07 ha±0.43) than AUY-922 cost individuals living near roads (3.79 ha±0.22) and residential areas (3.40 ha±0.26). Similarly, home-range core areas (FK50%) were significantly larger in forest interiors (1.49±0.13 ha) than near road (0.78±0.07 ha) and residential edges (0.70±0.08 ha). We also found that squirrel gliders regularly cross narrow roads up to 20 m wide and with a tree gap up to 15 m to access adjacent vegetation, and are willing to utilize foraging resources in residential backyards.
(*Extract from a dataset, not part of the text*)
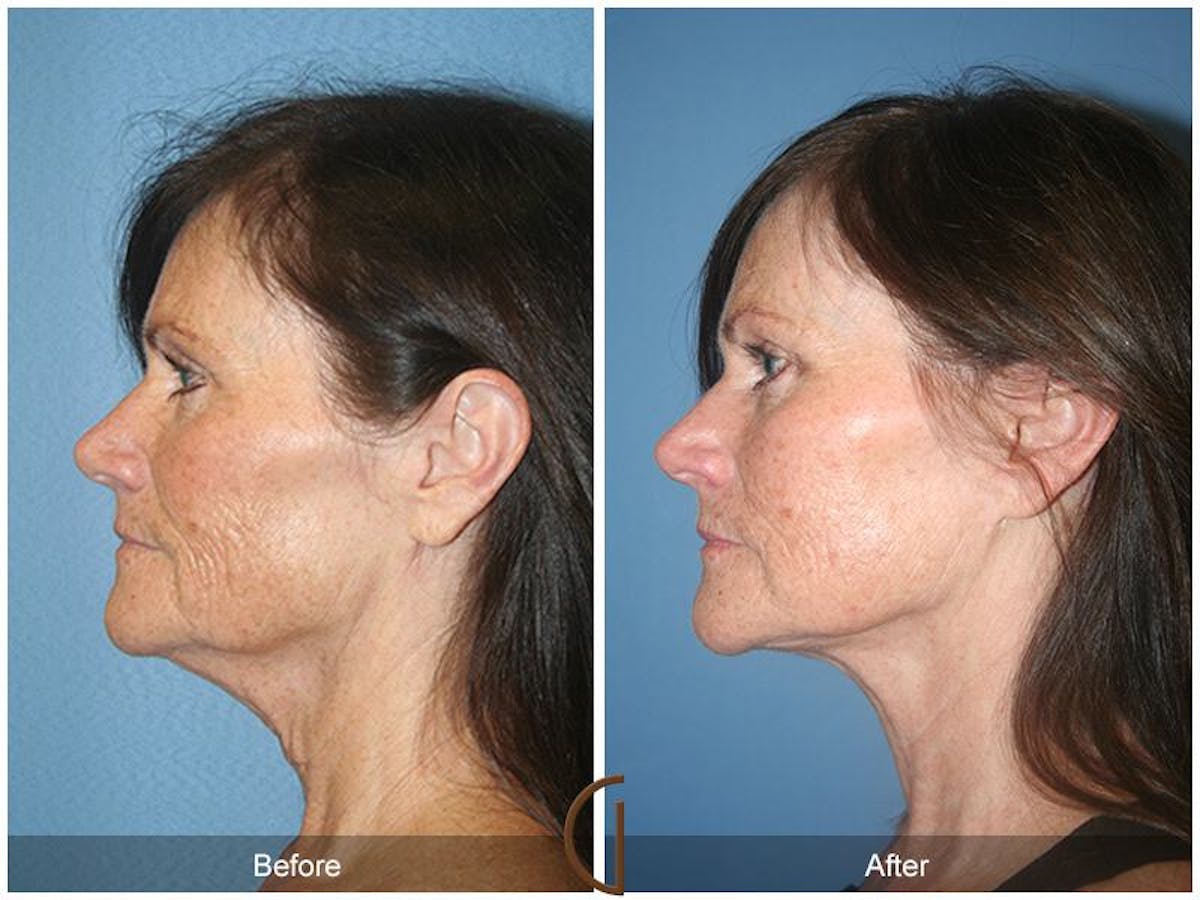 Facelift 50s Before & After Gallery - Patient 175249 - Image 1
Changes

in squirrel glider home ranges near edges identified in this study have implications for understanding how this species responds to urban edges, and we highlight important areas for future edge-related studies to correctly inform conservation and management. “
“It has recently been argued that the elongate necks of sauropod dinosaurs evolved primarily through selection for their use as sexual and dominance signals, and not as an adaptation for accessing a large ‘feeding envelope’ as traditionally thought. Here we explore this idea and show that all six arguments that have been advanced in support of the sexual selection hypothesis are flawed: there is no evidence for sexual dimorphism in the necks of sauropods; neither is there any evidence that they were used in dominance displays; long necks provided significant survival benefits in allowing high browsing and energetically

efficient grazing; their fitness cost was likely less than has been assumed; their positive

allometry through ontogeny is uninformative given that ontogenetic allometry is common in animals; apparent lack of correlation between neck KU-57788 in vivo and leg length across phylogeny is illusory due to over-representation of mamenchisaurids in a previously analysed dataset, and in any case is not informative selleck inhibitor as the unique morphology of sauropod necks suggests they, rather than legs, may have been cheaper to elongate when evolving increased vertical reach. In no speciose, morphologically varied, long-lived tetrapod clade has sexual selection consistently acted on a single part of the body, and it is unlikely that Sauropoda is the exception to this. In summary, there is no convincing evidence that sexual selection was the primary force driving the evolution of sauropod necks. While a subsidiary role for sexual selection cannot be discounted, the traditional hypothesis that sauropod necks evolved primarily due to the feeding benefits that they conferred is, by comparison, far better supported. “
“The contemporary distribution of organisms cannot be understood without knowing how species have responded to the geologic and climatic history of their environments. Genetic studies related to the demographic history of wildlife species can help us to elucidate the role of climate changes and other environmental forces in shaping patterns of distribution and population structure of the species.